Она и хотела бы прекратить, но никак не могла удержать ни слез, катившихся из глаз, ни коротких горловых рыданий, которыми давилась. Стыдясь своего плача, она находила в нем и что-то вроде утешения. Ее охватывала все большая жалость к себе, ко всей своей жизни, к погубленной судьбе. И постепенно все болезненные моменты стали утрачивать в этой жалости резкие контуры и растопились в огромную безграничную скорбь. Она боялась только, что Анджей закричит на нее. Но он не отзывался больше, снова лег и прикрылся сеном. Плач понемногу стихал в ней, уступая место все большей усталости. Наконец она стащила с плеч рюкзак, поглубже зарылась в сено, подобрала под себя ноги и, прижав руки к кружевам, с влажными от слез щеками, заснула.

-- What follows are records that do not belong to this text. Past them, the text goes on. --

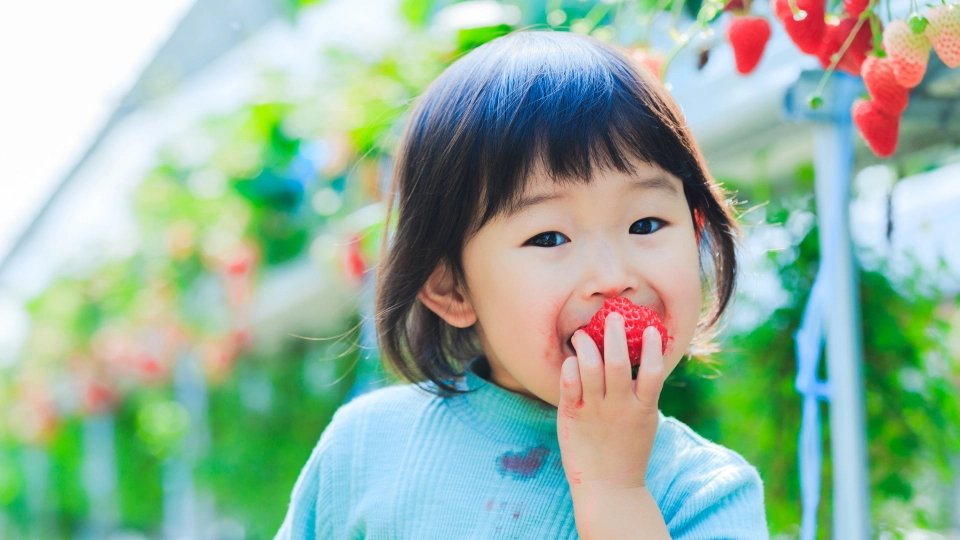 A toddler enjoying the best fruits for toddlers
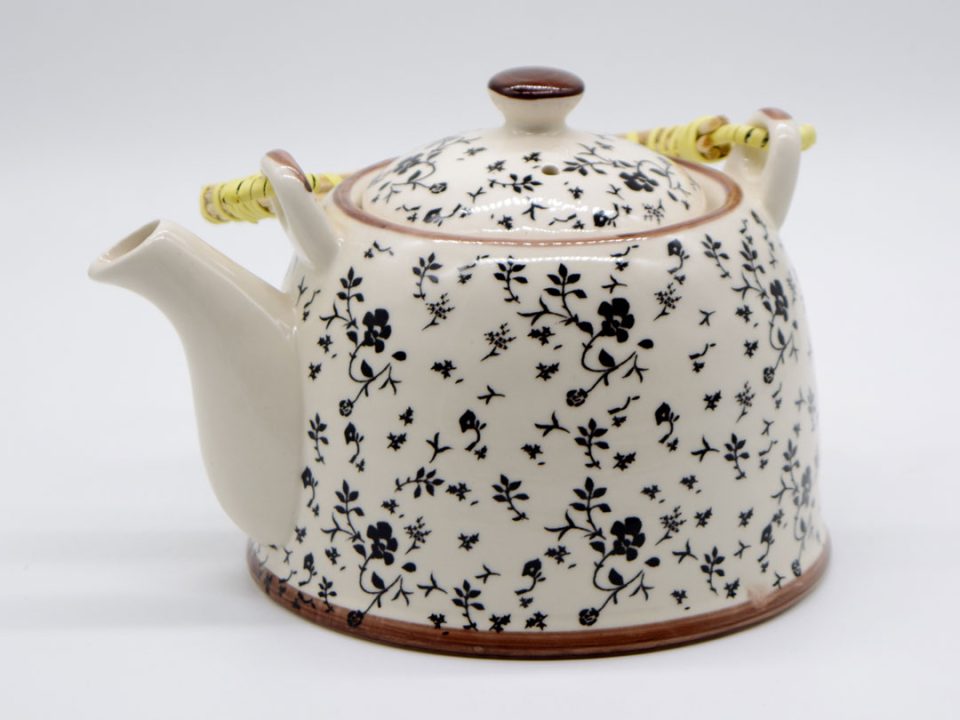 Ceramic teapot with black flowers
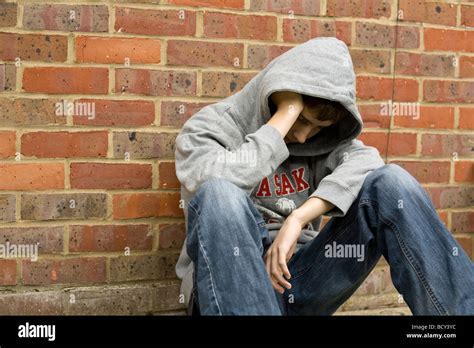Bored Depressed Teenage Boy In Hoodie Sitting Against Brick Wall Stock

Анджей очень долго лежал с открытыми глазами, вглядываясь в неизменно черный, мерцающий звездами клочок неба. Он потерял счет времени, предполагал только, что, должно быть, уже далеко за полночь. Наконец он стал впадать в тяжелое забытье, и уже как сквозь туман доносился до него грохот грузовиков, которые после большого перерыва снова стали двигаться по шоссе, как вдруг из этой оцепенелости и постепенного погружения во мрак вырвал его Зоськин голос: «Анджей, Анджей!»
И такой ужас звучал в приглушенном этом зове, что он тотчас пришел в себя и сел.
— Что случилось?
По чуть светлевшим во тьме очертаниям он догадался, что Зоська вскочила на ноги. В самом деле она стояла, так сильно дрожа при этом, что слышно было, как стучат у нее зубы.
— О боже! — только и выдавила она.
Видя, что ничего страшного не произошло, он решил обождать, пока она сама успокоится. Спустя какое-то время он снова спросил:
— Может, ты наконец скажешь, что случилось?
— Это было страшно, — начала она, уже немного очнувшись.
— Что такое?
— Мне снилось…
— Ах, сон!
— Постой, сон, но такого ужасного никогда еще в жизни не было, и будто все наяву происходило. О, боже! — У нее внезапно перехватило дыхание. — Мне снилось, что я вдруг проснулась, а тебя нет, все, как сейчас, только без тебя. Я вскочила и стала звать тебя и вдруг почувствовала, что сено ползет у меня из-под ног и я лечу в страшную пропасть. Падала я ужасно долго, пока не почувствовала боль, вот тут, — она прижала руки к груди, — это было так, будто острие какое-то вонзилось мне в самое сердце…
Когда она умолкла, Анджей снова улегся.
— Анджей! — шепнула она.
— Что?
— Если б ты знал, какое это было жуткое чувство…
— Представляю. Но поскольку, как сама видишь, ты не свалилась со стога, а стоишь, может, все же ляжешь и заснешь?
— Насмехаешься.
— Вовсе нет. Только предупреждаю, что завтра утром ты никуда не будешь годиться, а нас ждет дорога.
— Это верно, — задумалась она. — О боже, куда же мы так будем все идти да идти?
Поскольку Анджей не ответил, она постояла с минуту в надежде, что он отзовется хоть словом. Но, видя, что ничего не дождется, улеглась в прежней своей позе и быстро, незаметно для себя, уснула.
Зато Анджея сон совсем покинул. Напротив, он чувствовал в себе некую бодрящую трезвость, необычайную остроту видения, чуткость. И столь сильными были это внутреннее напряжение и готовность, вроде бы ни с чем конкретным не связанные, что минутами он испытывал страх. Он лежал без движения, заглядевшись во фрагмент звездного неба; тишины, какая стояла вокруг, не нарушал ни малейший шелест. По мере того как шло время, им овладевало спокойствие, но одновременно росла и его встревоженность этим спокойствием.